● **RECORDS FOR THIS EXERCISE**:
··········

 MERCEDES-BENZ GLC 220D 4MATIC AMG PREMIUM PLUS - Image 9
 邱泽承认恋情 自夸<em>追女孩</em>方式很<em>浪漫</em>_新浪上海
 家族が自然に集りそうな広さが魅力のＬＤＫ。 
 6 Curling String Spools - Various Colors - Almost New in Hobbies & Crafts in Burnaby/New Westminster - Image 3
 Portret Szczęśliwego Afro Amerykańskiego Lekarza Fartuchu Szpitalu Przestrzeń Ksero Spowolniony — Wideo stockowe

··········

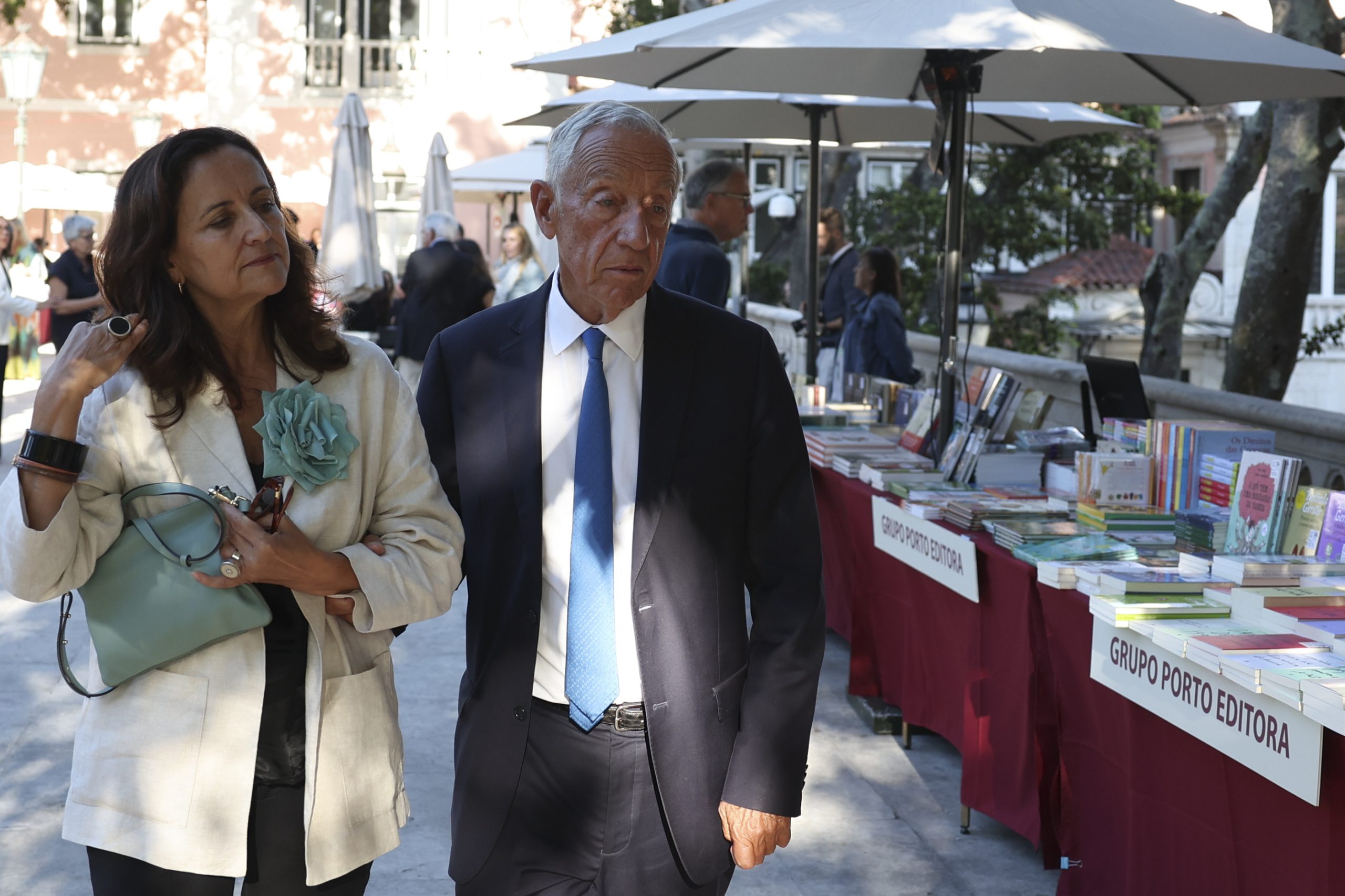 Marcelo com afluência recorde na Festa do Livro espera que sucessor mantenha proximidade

··········

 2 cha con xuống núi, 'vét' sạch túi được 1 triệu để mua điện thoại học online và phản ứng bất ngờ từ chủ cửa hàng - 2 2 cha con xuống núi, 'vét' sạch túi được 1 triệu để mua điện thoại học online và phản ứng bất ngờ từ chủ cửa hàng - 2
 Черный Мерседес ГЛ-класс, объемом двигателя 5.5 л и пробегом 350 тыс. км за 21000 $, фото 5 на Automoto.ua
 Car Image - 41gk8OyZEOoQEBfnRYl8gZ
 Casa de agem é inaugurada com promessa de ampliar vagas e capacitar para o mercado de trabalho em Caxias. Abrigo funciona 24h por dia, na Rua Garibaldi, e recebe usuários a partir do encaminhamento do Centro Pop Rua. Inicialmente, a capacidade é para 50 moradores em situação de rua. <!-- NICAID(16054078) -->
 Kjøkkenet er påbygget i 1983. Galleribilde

··········

● **WORK TASK**: Find the line with "MERCEDES-BENZ GLC 220D" in the material above. Reproduce it and each line after it up to and including the line with "Portret Szczęśliwego Afro".

● **ANSWER BOX**:
 MERCEDES-BENZ GLC 220D 4MATIC AMG PREMIUM PLUS - Image 9
 邱泽承认恋情 自夸<em>追女孩</em>方式很<em>浪漫</em>_新浪上海
 家族が自然に集りそうな広さが魅力のＬＤＫ。 
 6 Curling String Spools - Various Colors - Almost New in Hobbies & Crafts in Burnaby/New Westminster - Image 3
 Portret Szczęśliwego Afro Amerykańskiego Lekarza Fartuchu Szpitalu Przestrzeń Ksero Spowolniony — Wideo stockowe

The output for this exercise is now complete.